You are now well on your way to the poorhouse. What this person is not telling you is the social media model of marketing is based on the general assumption that people click on social media ads and buy things. This is a gross generalization of social media advertising and engagement. I don’t know about you, but I never bought anything through a social media site. This is because I use social media as a means of communicating and connecting with friends and like-minded people. You might deal with social media the same way, but you might not. The reality of social media is that everyone engages it with different reasons and each platform has specific ways it engages people. This leads to a more complex advertising method in which likes, comments, and views are poor measures by themselves for engagement or advertising effectiveness.
This means you can pay for advertising, rack up a million followers, and still not be advertising effectively. Millions of followers do not equal sales.
There is also a basic factor of cost that needs to be considered. If you are selling an eBook for $10 and spending $5 per day on social media advertising, then you need to sell 15 eBooks a month to break even. Here is what you get for $5 per day:
So, if the maximum number of people at 460 per day for five days click on your ad you will have 2600 people view your book. If you run this ad for 30 days your total cost is $150 reaching 15,600 people. Now you’re going to read a lot of numbers, but average conversion rates of e-commerce sites are as follows:
- According to Shopify, the average conversion rate for Shopify stores is 1.4%.

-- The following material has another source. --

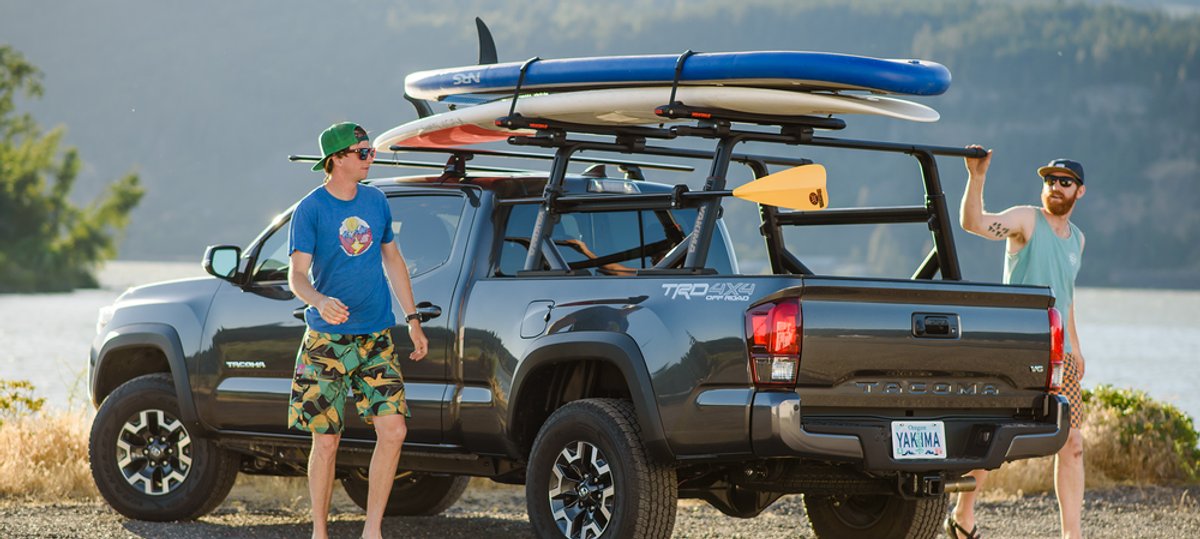 Pickup truck with roof rack loaded with surfboards and paddleboards for a day on the water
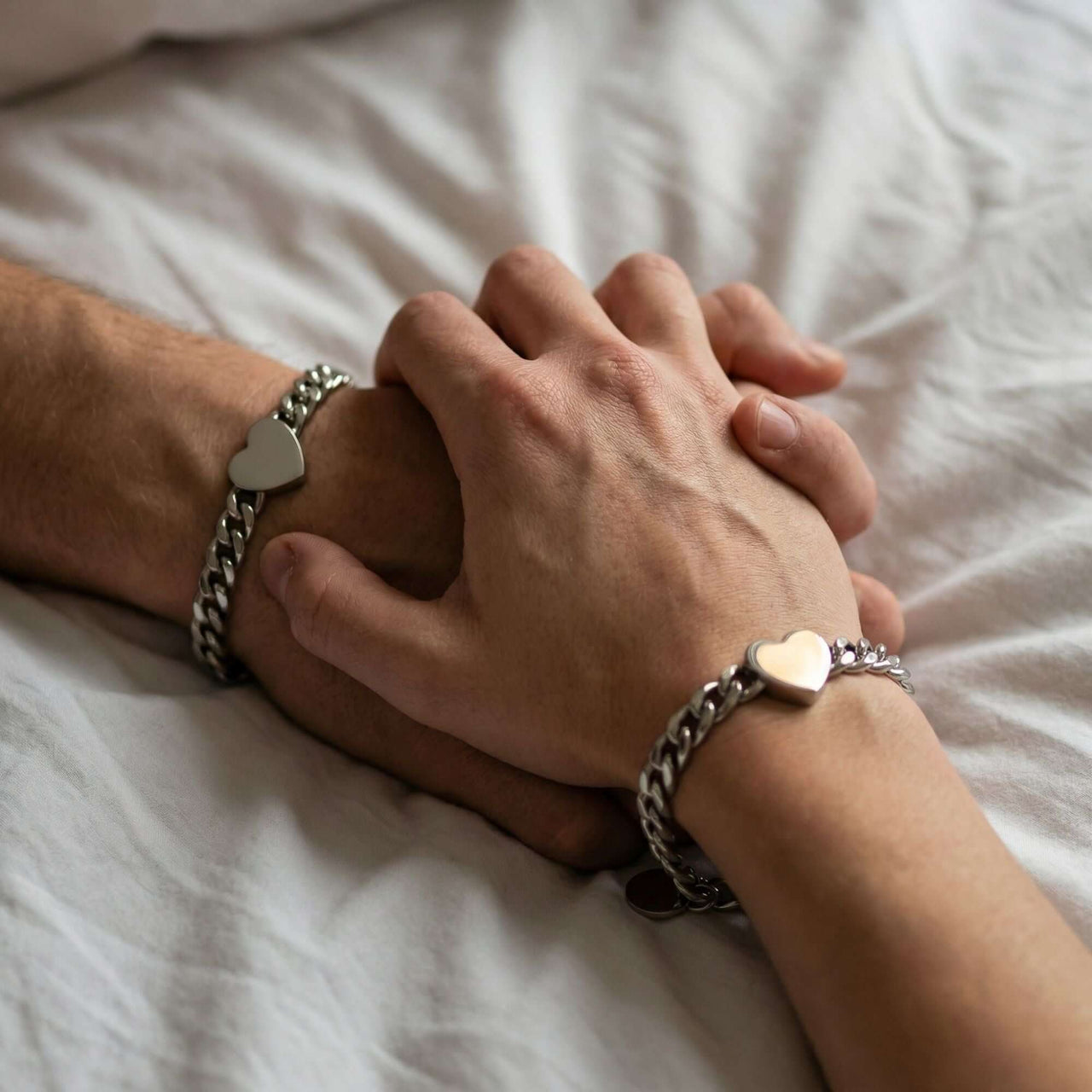 Love Couple Bracelet with polished heart and Cuban link chain, designed by Brother & Sisters for couples.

- Omniconvert reports that the average e-commerce website conversion rate in the United States is 2.63%, while the global online conversion rate is 4.31%.

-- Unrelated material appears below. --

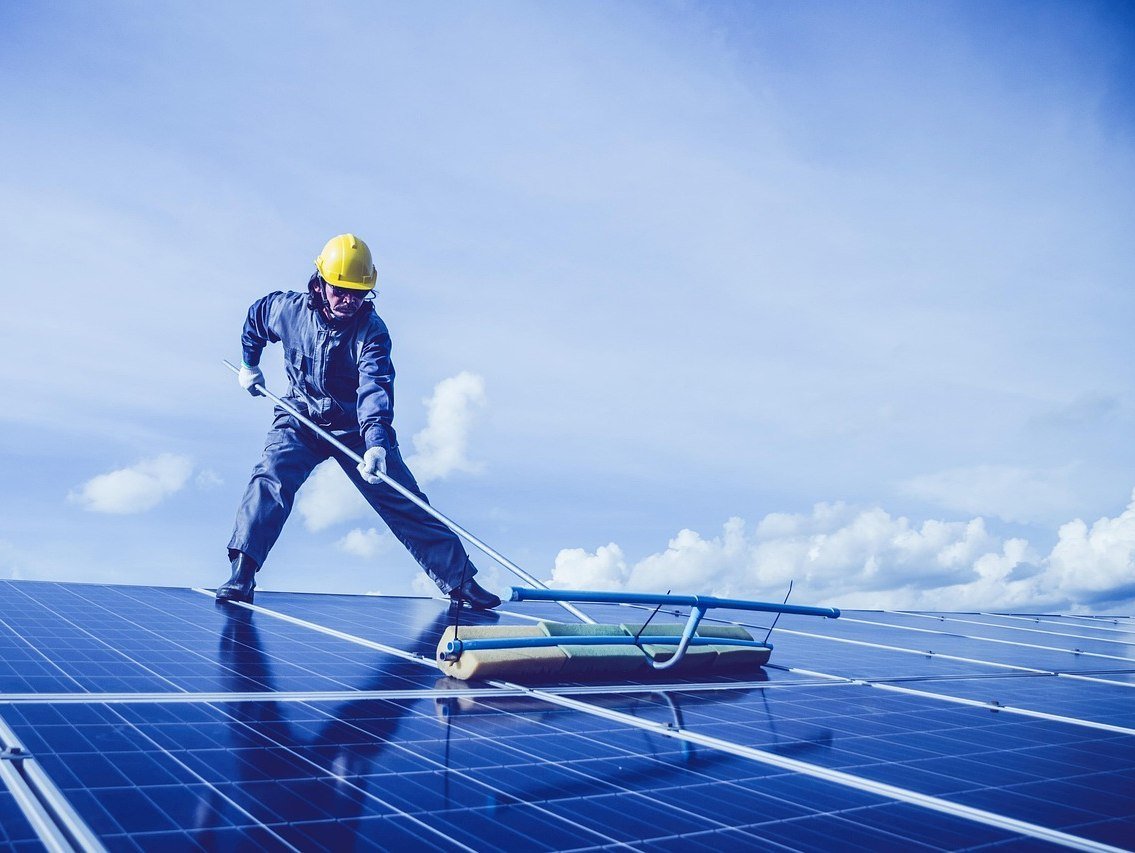 Technician servicing solar panels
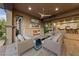 Relaxing covered outdoor living area with fireplace, ceiling fan and view into the home at 10084 Terrastone Dr, Las Vegas, NV 89148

- Adobe states that the average e-commerce conversion rate is 3.65%, indicating that nearly 4 out of every 100 site visitors take a desired action on e-commerce websites.

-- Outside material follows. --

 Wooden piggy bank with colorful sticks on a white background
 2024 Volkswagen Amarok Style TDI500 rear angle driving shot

- Varos Insights provides an average e-commerce conversion rate of 2.3% across all industries in the United States.
Averaging these stats provides an eCommerce conversion rate of about 3.5%. (This is a tough statistic to obtain because no one is honest and these are some of the most honest I can find based on the low numbers.) So, if you are lucky and you sell 3% of the people you engaged you made approximately 446 sales or $4460. If you are selling through Amazon exclusively this comes out to approximately $3122. Not bad. However, the reality is very different. Here are the actual website conversion numbers based on a two week $20 per day plan of a retailer in 2018.
This is a retail company that is far less niche as books. Total revenue for two weeks equaled $23,032.82 Cost per social media ads equaled $280 which generated $111.58 in sales, equaling an ROI of -168.42.
Now, this example came from 2018, but recently, I tested the waters of simple advertising using the boost option, and here is the results of boosting a post:
I paid to get two crappy comments and six clicks that didn’t even register as a read or a view, but I got 110 engagements and 102 likes! WOW!
Here is another post boost for $10 that achieved these stunning results,
There are a lot of reasons why social media advertising might not work but I guarantee the first thing told you by social media marketers is, “It’s your fault because you didn’t create the proper compelling advertisement.” So goes the logic of the marketer:
“You get what you put in.”
“It can take some time before you hit the right ad.”
Always keeps spending and spend more!
For these reasons, social media marketers shifted strategies, “Well, it's not really about conversion. It’s about engagement.”
The one basic question you need to ask anyone selling this marketing is, “If this advertising works, then show me an example?”
And then question the hell out of that example.